■ Requirement ■
Return all entries word for word, but drop any images.

○ ○ ○ ○

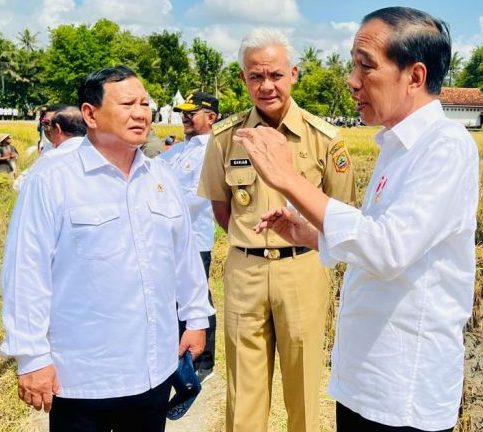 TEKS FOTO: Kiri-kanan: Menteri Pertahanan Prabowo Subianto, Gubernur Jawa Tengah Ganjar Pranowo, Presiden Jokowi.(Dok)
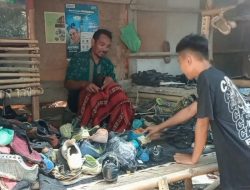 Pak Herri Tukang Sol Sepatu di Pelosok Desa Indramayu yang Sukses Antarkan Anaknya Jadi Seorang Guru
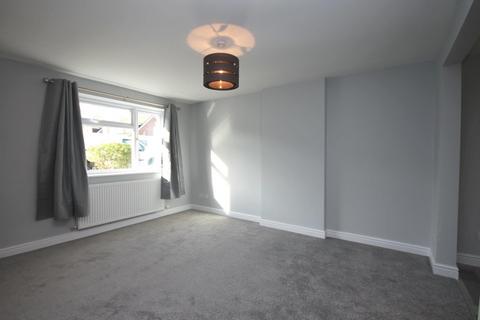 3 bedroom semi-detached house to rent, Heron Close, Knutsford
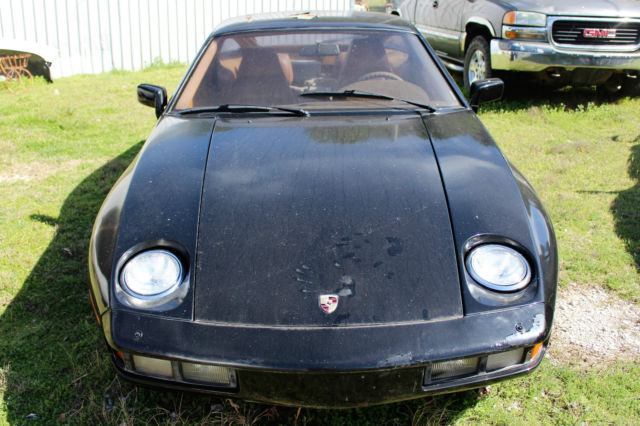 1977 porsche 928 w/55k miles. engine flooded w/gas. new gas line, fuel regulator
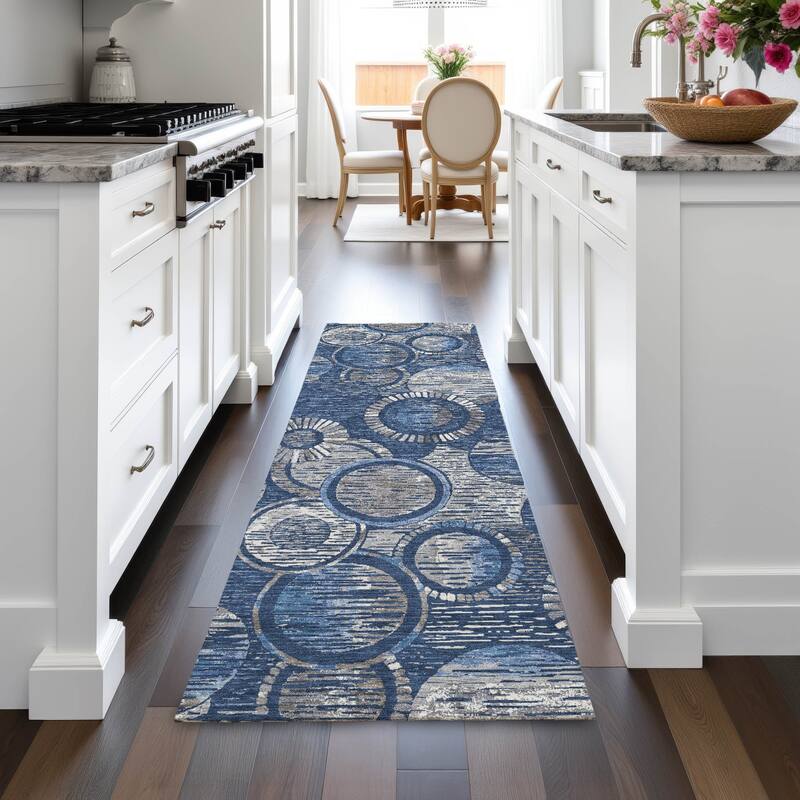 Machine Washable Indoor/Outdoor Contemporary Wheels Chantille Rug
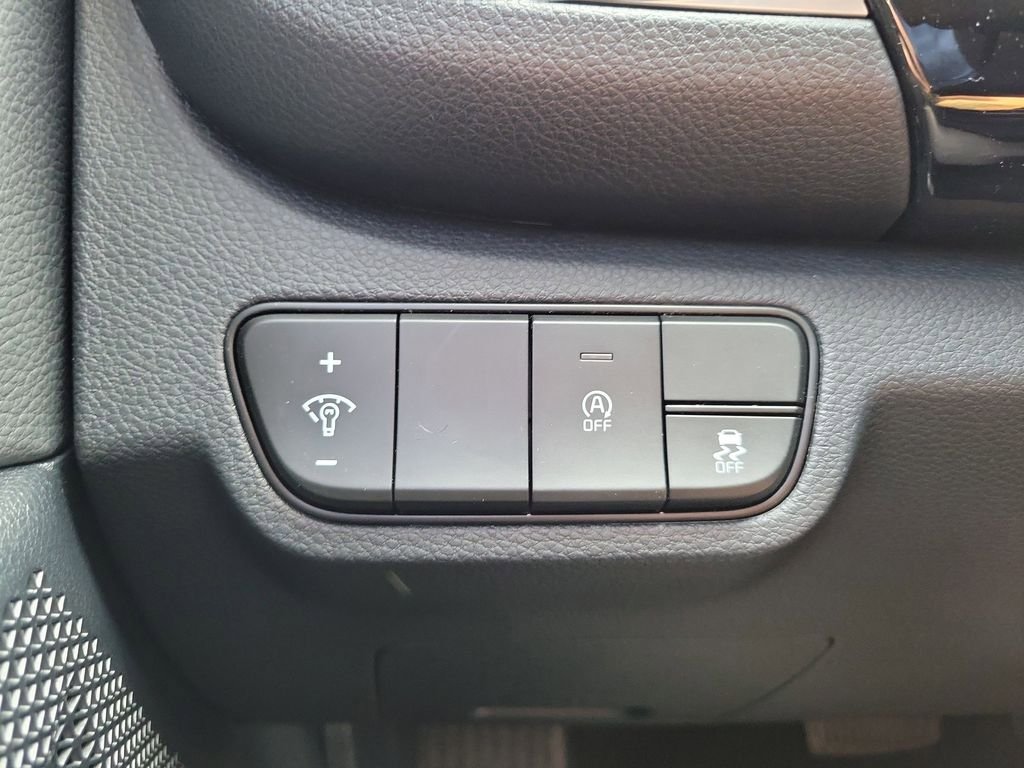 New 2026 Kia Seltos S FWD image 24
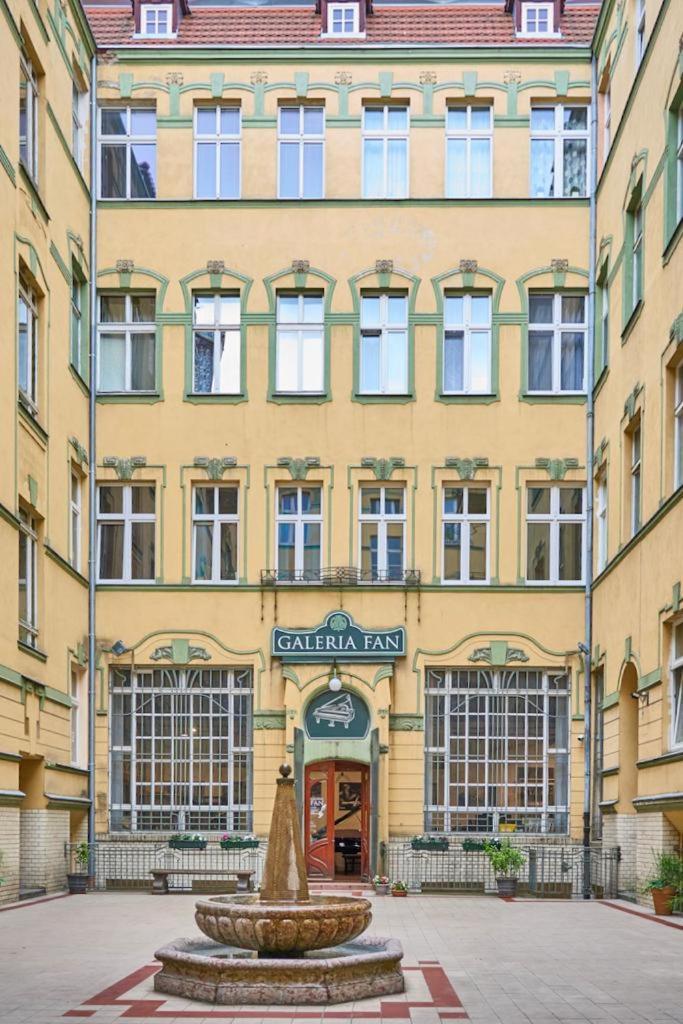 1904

○ ○ ○ ○

■ Answer area ■
 TEKS FOTO: Kiri-kanan: Menteri Pertahanan Prabowo Subianto, Gubernur Jawa Tengah Ganjar Pranowo, Presiden Jokowi.(Dok)
 Pak Herri Tukang Sol Sepatu di Pelosok Desa Indramayu yang Sukses Antarkan Anaknya Jadi Seorang Guru
 3 bedroom semi-detached house to rent, Heron Close, Knutsford
 1977 porsche 928 w/55k miles. engine flooded w/gas. new gas line, fuel regulator
 Machine Washable Indoor/Outdoor Contemporary Wheels Chantille Rug
 New 2026 Kia Seltos S FWD image 24
 1904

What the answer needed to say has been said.